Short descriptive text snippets
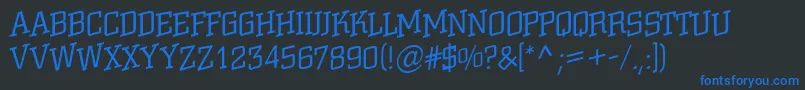 ACitynovattlspuplt Font – Blue Fonts on Black Background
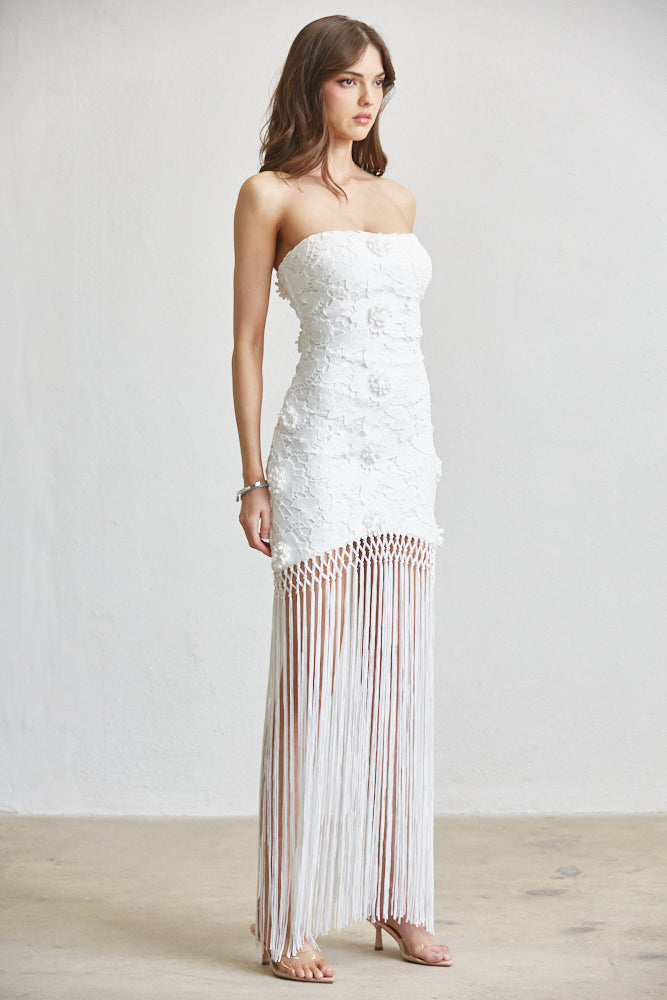 White Dream Fringe Dress
Luxe Lace Tassel Gown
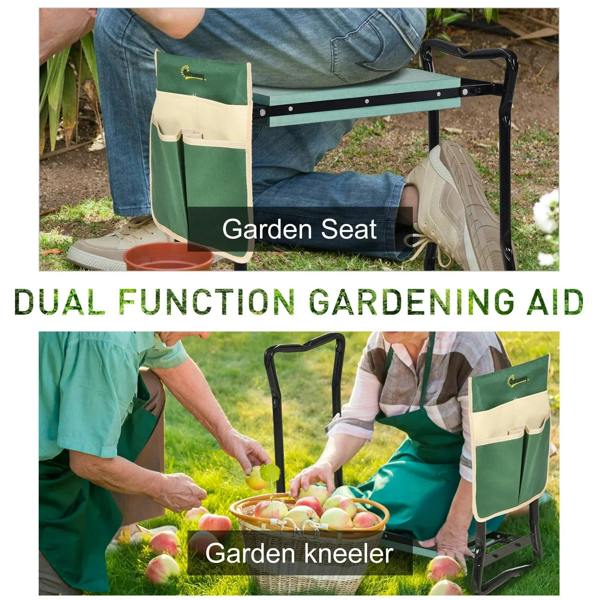 Green garden kneeler with beige tool bag pockets and cushioned seat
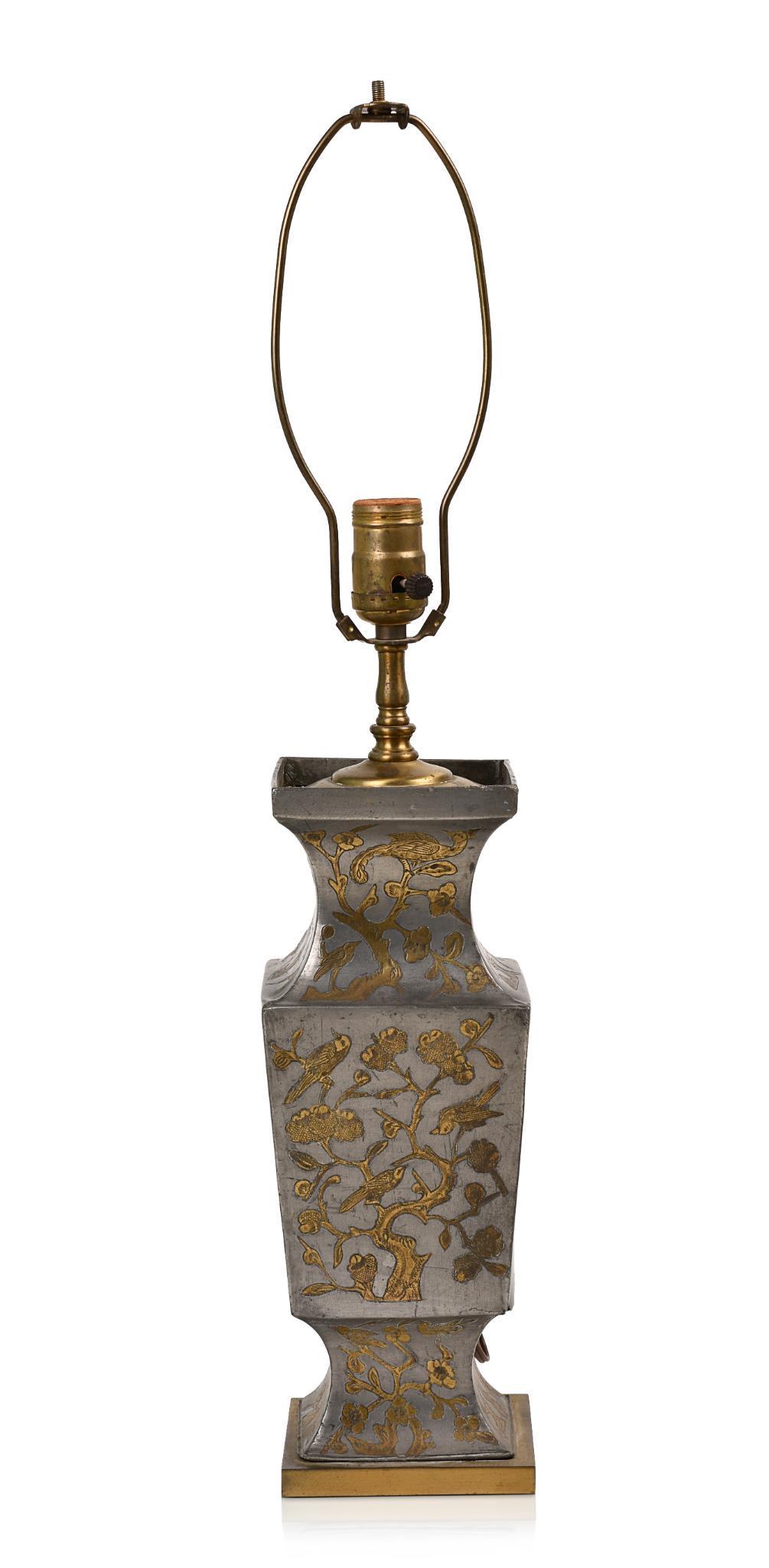 Chinese Brass Inlaid Square Pewter Vase (1 of 2)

## Requirement
Each line of the data should be printed again exactly. Please leave pictures out.

## Result of the task
 ACitynovattlspuplt Font – Blue Fonts on Black Background
 White Dream Fringe Dress
Luxe Lace Tassel Gown
 Green garden kneeler with beige tool bag pockets and cushioned seat
 Chinese Brass Inlaid Square Pewter Vase (1 of 2)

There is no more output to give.